Rassismus in den 1980er-Jahren
In den 1980er-Jahren wurde Migration erstmals zum zentralen Wahlkampfthema. Gesellschaftspolitische Debatten richteten sich zunächst vor allem gegen die Integration und das Bleiberecht von Menschen, die als sogenannte Gastarbeiter*innen in die Bundesrepublik gekommen waren. Unter der sozialliberalen Regierung Helmut Schmidts von 1974 bis 1982 wurden diverse ausländerrechtliche Maßnahmen umgesetzt, die darauf abzielten, Migrant*innen zur Ausreise aus Deutschland zu bewegen. 1982 erklärten 77 Prozent der befragten Deutschen, Arbeitsmigrant*innen sollten wieder in ihr Herkunftsland zurückkehren.

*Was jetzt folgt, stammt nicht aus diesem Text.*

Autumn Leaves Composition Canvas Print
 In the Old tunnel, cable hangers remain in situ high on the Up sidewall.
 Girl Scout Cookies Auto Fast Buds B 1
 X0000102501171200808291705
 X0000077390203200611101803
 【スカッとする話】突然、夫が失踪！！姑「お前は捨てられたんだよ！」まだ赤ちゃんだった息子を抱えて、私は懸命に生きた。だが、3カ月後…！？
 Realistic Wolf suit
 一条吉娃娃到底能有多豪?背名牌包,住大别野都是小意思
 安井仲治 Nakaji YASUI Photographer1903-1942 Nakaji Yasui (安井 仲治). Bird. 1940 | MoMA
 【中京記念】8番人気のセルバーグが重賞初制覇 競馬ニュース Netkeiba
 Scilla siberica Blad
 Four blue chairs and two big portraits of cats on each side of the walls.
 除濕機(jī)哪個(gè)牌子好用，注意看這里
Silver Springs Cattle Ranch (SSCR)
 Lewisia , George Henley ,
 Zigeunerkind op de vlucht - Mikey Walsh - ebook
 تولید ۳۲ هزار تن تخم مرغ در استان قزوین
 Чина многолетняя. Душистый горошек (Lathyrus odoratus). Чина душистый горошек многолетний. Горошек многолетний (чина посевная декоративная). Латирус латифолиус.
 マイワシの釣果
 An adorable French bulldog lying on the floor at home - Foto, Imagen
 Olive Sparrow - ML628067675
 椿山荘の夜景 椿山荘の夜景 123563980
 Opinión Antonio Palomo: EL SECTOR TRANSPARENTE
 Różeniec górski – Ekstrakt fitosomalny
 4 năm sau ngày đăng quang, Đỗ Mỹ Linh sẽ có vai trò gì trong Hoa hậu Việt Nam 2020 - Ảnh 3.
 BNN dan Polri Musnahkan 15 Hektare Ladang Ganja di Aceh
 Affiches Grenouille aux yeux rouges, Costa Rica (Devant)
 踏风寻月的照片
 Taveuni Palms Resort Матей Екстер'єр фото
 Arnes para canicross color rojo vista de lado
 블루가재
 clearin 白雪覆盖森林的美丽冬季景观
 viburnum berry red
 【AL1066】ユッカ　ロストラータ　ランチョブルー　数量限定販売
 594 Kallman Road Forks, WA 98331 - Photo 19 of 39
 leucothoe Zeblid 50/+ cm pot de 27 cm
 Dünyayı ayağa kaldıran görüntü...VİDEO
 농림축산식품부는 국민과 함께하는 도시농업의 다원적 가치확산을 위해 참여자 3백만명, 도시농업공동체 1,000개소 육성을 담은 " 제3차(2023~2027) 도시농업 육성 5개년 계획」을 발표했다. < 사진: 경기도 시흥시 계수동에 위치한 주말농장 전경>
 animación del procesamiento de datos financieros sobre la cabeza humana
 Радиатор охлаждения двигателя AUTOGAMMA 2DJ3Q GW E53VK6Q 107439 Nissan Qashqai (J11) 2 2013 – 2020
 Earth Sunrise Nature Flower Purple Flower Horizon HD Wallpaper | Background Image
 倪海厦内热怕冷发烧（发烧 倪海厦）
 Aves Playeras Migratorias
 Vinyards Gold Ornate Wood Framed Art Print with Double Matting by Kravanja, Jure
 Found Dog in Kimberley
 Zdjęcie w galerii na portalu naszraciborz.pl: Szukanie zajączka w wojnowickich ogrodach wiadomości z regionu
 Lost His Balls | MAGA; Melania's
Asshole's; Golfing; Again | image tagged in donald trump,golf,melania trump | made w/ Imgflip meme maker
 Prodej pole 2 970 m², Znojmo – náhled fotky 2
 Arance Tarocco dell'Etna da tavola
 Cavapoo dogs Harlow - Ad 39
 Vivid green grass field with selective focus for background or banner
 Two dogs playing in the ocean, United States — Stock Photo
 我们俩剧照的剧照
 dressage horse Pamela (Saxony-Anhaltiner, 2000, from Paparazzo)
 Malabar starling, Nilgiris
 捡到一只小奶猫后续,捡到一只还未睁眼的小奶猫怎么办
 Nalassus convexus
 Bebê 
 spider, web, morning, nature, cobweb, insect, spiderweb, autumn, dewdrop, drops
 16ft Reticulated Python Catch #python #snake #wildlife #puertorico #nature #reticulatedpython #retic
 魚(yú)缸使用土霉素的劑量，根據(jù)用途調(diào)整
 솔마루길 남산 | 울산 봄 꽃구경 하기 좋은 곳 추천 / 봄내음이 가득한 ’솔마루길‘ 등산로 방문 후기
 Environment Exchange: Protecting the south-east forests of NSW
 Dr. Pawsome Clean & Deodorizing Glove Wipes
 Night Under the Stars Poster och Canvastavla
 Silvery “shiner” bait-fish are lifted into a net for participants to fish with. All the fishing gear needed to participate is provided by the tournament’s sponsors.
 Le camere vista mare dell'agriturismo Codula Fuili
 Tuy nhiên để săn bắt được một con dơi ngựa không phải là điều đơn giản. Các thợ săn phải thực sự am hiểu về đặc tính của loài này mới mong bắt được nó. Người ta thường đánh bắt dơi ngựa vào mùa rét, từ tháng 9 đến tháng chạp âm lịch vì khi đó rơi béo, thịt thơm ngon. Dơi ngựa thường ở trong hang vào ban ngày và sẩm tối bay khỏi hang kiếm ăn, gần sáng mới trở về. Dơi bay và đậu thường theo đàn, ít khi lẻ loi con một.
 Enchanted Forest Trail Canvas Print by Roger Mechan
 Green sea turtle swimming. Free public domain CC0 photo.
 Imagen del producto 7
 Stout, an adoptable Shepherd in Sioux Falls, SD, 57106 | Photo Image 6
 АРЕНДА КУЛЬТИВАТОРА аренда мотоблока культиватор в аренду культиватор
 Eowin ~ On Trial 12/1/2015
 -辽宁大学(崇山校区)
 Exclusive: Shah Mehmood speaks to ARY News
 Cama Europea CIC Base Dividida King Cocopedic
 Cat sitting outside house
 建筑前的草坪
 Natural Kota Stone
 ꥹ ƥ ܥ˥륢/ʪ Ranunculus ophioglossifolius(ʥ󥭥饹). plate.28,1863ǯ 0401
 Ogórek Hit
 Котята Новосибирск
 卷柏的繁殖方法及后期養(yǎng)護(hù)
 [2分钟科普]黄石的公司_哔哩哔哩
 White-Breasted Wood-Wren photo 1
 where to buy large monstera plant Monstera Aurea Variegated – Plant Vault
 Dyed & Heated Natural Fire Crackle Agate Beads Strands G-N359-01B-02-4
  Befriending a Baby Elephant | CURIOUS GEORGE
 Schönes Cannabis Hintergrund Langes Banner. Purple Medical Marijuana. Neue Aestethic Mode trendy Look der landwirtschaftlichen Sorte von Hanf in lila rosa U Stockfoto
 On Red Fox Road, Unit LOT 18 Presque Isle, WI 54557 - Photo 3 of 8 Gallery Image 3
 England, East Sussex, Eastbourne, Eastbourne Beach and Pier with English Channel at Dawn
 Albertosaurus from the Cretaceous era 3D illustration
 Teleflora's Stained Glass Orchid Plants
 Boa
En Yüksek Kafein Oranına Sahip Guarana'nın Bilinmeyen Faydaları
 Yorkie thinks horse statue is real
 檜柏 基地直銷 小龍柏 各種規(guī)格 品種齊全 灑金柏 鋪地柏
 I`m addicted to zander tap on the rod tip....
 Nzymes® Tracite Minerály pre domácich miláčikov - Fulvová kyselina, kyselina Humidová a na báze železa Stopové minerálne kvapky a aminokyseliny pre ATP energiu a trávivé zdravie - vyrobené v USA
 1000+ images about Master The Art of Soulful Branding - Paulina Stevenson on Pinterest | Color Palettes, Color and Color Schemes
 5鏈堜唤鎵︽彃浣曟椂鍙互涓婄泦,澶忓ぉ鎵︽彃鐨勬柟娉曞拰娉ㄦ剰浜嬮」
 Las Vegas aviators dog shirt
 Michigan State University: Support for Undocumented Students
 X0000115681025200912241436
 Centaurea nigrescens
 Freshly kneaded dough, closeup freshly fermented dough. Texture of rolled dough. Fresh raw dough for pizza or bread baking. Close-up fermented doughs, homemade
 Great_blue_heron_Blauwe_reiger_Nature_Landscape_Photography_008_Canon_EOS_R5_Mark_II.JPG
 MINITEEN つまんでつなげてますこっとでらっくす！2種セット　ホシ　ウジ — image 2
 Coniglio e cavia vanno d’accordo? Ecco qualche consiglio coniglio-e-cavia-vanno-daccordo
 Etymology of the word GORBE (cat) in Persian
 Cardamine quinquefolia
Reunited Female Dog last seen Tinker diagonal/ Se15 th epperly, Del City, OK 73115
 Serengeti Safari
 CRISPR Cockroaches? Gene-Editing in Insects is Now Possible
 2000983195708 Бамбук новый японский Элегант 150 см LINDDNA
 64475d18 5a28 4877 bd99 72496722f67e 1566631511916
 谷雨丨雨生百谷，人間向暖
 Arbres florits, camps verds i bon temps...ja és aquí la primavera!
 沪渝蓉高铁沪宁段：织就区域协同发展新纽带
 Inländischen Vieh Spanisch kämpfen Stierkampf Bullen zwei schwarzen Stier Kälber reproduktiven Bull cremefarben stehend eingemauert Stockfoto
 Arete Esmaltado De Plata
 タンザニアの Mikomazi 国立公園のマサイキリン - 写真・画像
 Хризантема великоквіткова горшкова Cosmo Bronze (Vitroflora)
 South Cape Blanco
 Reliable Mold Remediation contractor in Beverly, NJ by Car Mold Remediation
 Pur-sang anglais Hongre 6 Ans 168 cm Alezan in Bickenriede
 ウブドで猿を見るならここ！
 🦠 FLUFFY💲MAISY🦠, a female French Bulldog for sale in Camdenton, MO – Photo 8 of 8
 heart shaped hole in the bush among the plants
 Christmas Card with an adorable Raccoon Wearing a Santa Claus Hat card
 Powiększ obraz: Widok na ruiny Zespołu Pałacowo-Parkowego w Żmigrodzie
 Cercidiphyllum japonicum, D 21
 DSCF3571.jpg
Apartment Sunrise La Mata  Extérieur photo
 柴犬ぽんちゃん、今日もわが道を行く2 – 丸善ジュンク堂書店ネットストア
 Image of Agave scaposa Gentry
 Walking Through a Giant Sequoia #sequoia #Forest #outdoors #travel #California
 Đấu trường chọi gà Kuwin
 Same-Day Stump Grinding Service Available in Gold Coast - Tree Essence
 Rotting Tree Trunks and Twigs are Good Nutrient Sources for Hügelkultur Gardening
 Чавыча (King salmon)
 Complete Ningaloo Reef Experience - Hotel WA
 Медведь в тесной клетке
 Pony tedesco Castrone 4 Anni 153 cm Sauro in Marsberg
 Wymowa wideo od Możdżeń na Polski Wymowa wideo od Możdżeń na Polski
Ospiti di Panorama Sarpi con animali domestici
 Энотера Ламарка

Nach dem Regierungswechsel 1982 setzten sich CDU und CSU in der christlich-liberalen Bundesregierung für eine harte Rückführungspolitik ein. Auch das Asylrecht wurde zunehmend infrage gestellt. Geflüchteten wurde unterstellt, sie würden betrügen und das Asylsystem ausnutzen. Migrant*innen und Geflüchtete wurden als Konkurrent*innen um knapper werdende Arbeitsplätze angesehen, obwohl viele besonders schwere und gering entlohnte Arbeiten verrichten mussten. Ihre Schulabschlüsse und Ausbildungen wurden in Deutschland oftmals nicht anerkannt. Der zunehmende Rassismus richtete sich besonders stark gegen die Migrant*innen aus der Türkei, aber auch gegen Minderheiten wie Sinti*ze und Rom*nja. Arbeitsmigrant*innen und Angehörige von Minderheiten wurden nicht nur auf dem Wohn- und Arbeitsmarkt diskriminiert, sondern auch in vielen anderen gesellschaftlichen Bereichen. Teils wurde ihnen sogar der Zugang zu öffentlichen Orten wie Diskotheken, Restaurants oder Campingplätzen verwehrt.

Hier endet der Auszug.